Why too much maintenance is just as bad as not enough
One of the objectives of a good PM or predictive maintenance (PdM) program is to prevent failures by performing routine inspections and preventative repairs. Yet companies report that equipment that has been operating well, when taken offline for PM, can fail soon after return-to-service for a variety of reasons.
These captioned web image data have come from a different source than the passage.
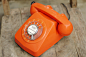 80年代国产桔色塑料机身老式拨盘电话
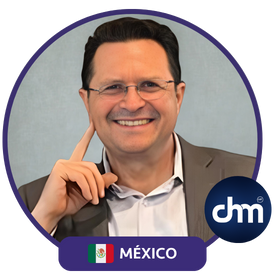 Fotografía de César Camacho, conferencista mexicano, sonriendo con actitud cercana y relajada, vistiendo saco gris claro y camisa blanca, enmarcado por el logotipo de CHM y la bandera de México.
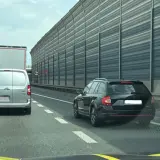 Kork na autostradzie, samochody stoją w rzędzie. Kierowcy czekają na możliwość jazdy na suwak, by płynnie włączyć się do ruchu.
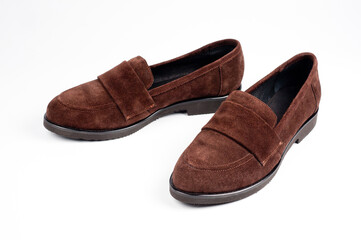 Dark brown suede slippers. Close-up shot.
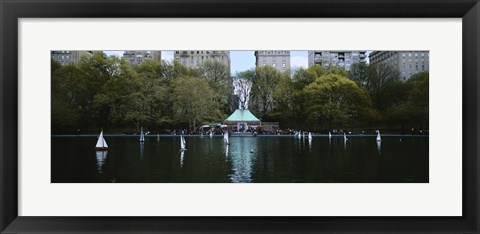 Framed Toy boats floating on water, Central Park, Manhattan Print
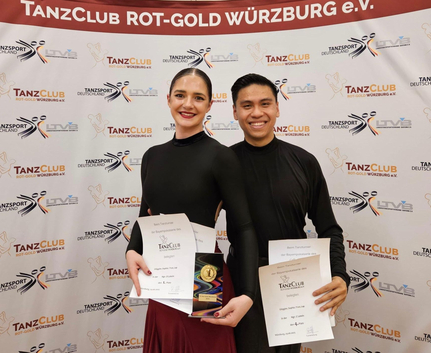 Tanzpaar mit Urkunden und Pokal vor TanzClub Rot-Gold Würzburg e.V. Banner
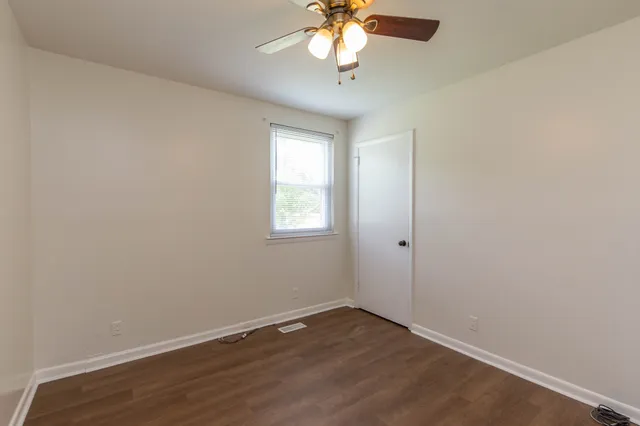an empty room with wooden floor chandelier fan and windows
A classic study done by on the Australian Defense Forces determined that PM activities can induce failures for a variety of reasons:
- Defective replacement parts introducing a mechanism not re-sent before PM.
- Incorrect procedures introducing anomalies that result in failures.
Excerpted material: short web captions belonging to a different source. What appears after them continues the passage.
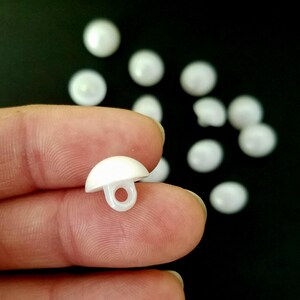 Puede incluir: Botones blancos en forma de hongo con un lazo en la parte inferior, dispersos sobre un fondo negro. Los botones son de material brillante. Un botón se sostiene entre los dedos.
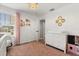Bedroom featuring a plush rug, changing table dresser and an elegant chandelier at 1563 Dess Dr, Orlando, FL 32818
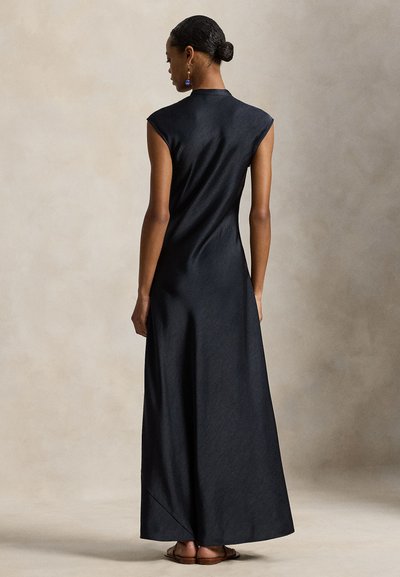 Μαύρο, αμάνικο μάξι φόρεμα με ψηλό γιακά και λεία υφή, με ελαφρώς Α-γραμμή και άνοιγμα στη φτέρνα πίσω.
- Effectiveness issues such that maintenance procedure may not complete properly, such as seals seating or gaskets not sealing.
- Damage during maintenance may occur that goes undetected introducing a failure mechanism.
- Extended maintenance activity introducing lack-of-use cases where equipment operates best when in continuous service.
- Human error—i.e. people just executing the wrong activity.
There is also the fact that, particularly after significant rebuild activities, that the classic infant mortality bathtub curve also know as the P-F curve applies once again, so failures may seem to increase as a result of maintenance.
The solution lies in optimizing the maintenance interval
The goal of APM is to achieve operational excellence with you assets. This means maintaining at just the right interval. Classic PM programs, whether calendar or usage based typically either over- or under-maintain equipment.
The way to achieve this is to utilize both condition based maintenance (CBM) and reliability-centered maintenance (RCM) approaches on those critical assets, such as with the gearbox on the Sugarloaf ski lift. While not every asset demands the rigor of RCM, those assets whose failure can lead to injury or the loss of life really need the type of critical assessment that RCM provides to achieve a proper level of operational risk management (ORM).